§ **TASK ITEM**
Repeat the listing below exactly. Pictures do not belong in the copy.

§ **INPUT DATA**
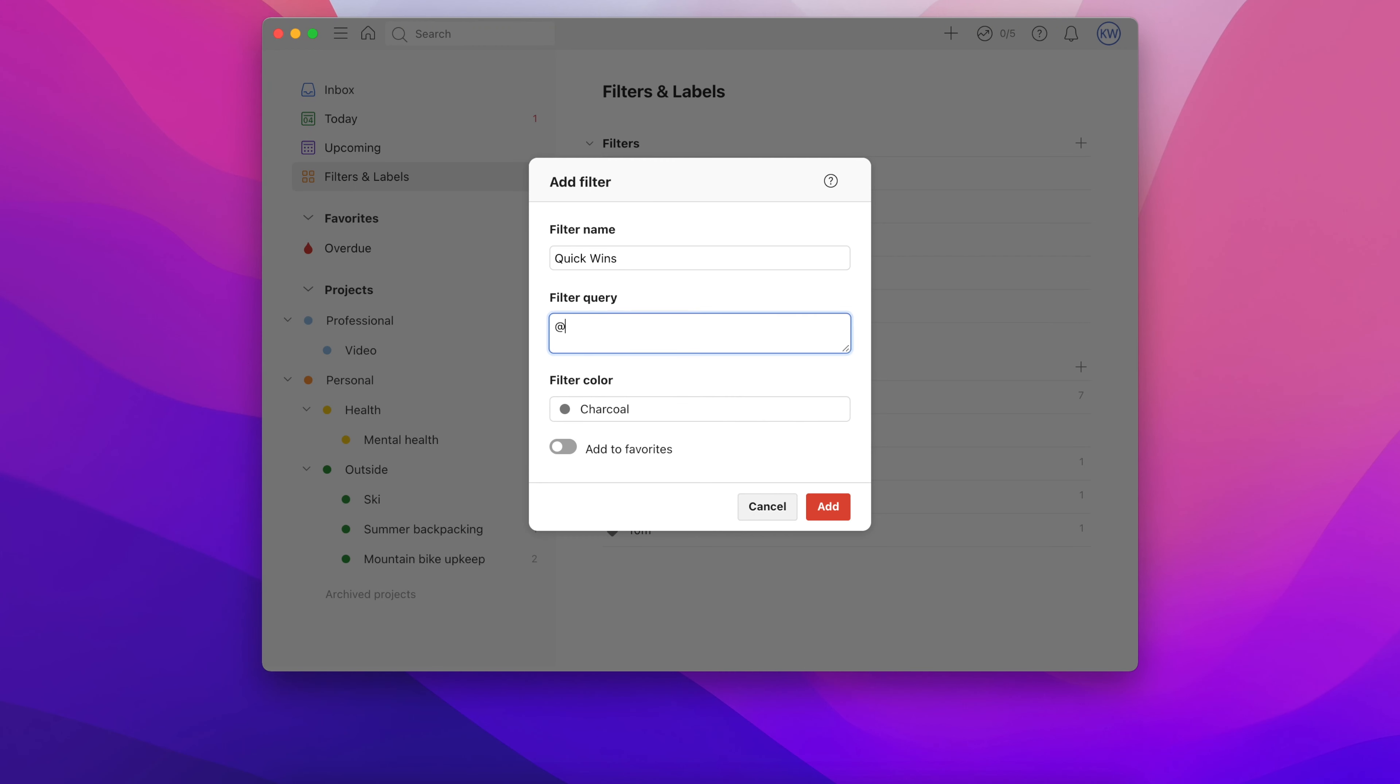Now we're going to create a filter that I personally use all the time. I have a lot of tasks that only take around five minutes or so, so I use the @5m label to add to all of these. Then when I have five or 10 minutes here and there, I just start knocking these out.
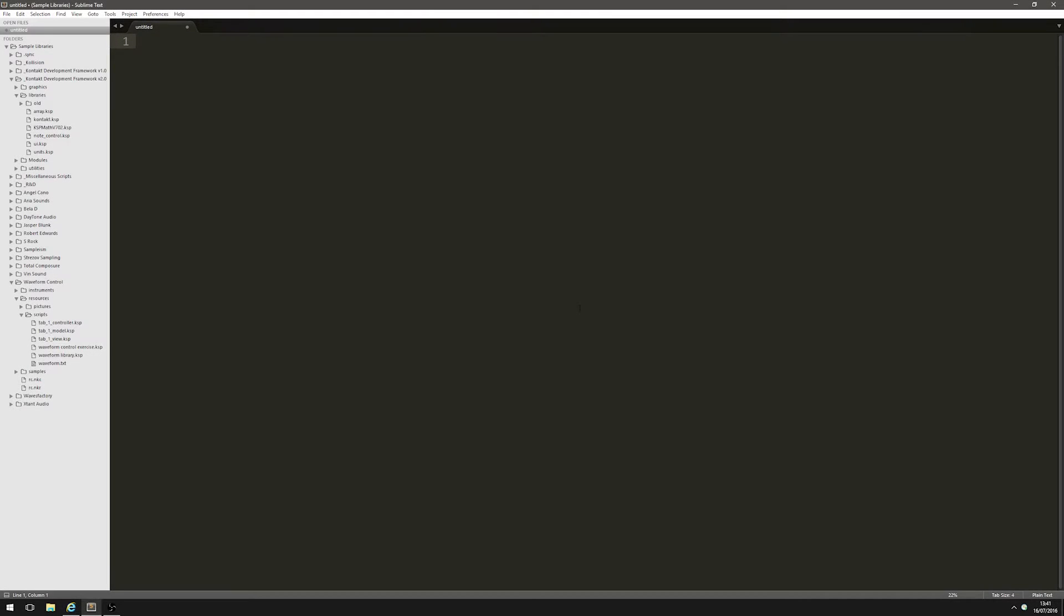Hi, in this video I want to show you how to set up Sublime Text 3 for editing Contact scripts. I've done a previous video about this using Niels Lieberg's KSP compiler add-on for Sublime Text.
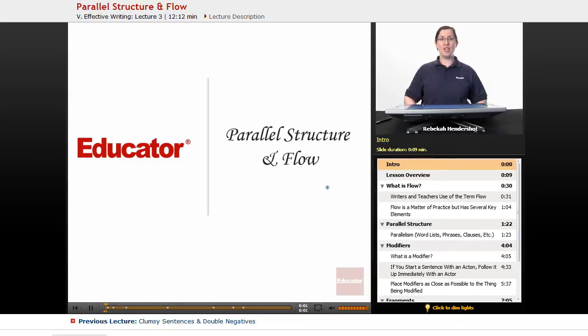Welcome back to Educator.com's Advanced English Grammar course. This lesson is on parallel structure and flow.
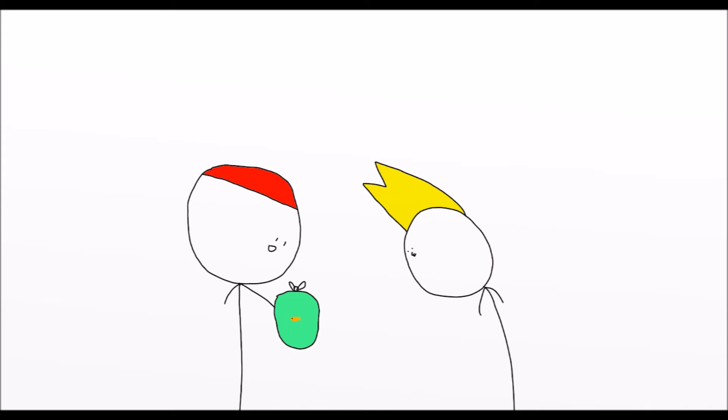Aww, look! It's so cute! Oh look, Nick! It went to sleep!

§ **YOUR SOLUTION**
Now we're going to create a filter that I personally use all the time. I have a lot of tasks that only take around five minutes or so, so I use the @5m label to add to all of these. Then when I have five or 10 minutes here and there, I just start knocking these out.
Hi, in this video I want to show you how to set up Sublime Text 3 for editing Contact scripts. I've done a previous video about this using Niels Lieberg's KSP compiler add-on for Sublime Text.
Welcome back to Educator.com's Advanced English Grammar course. This lesson is on parallel structure and flow.
Aww, look! It's so cute! Oh look, Nick! It went to sleep!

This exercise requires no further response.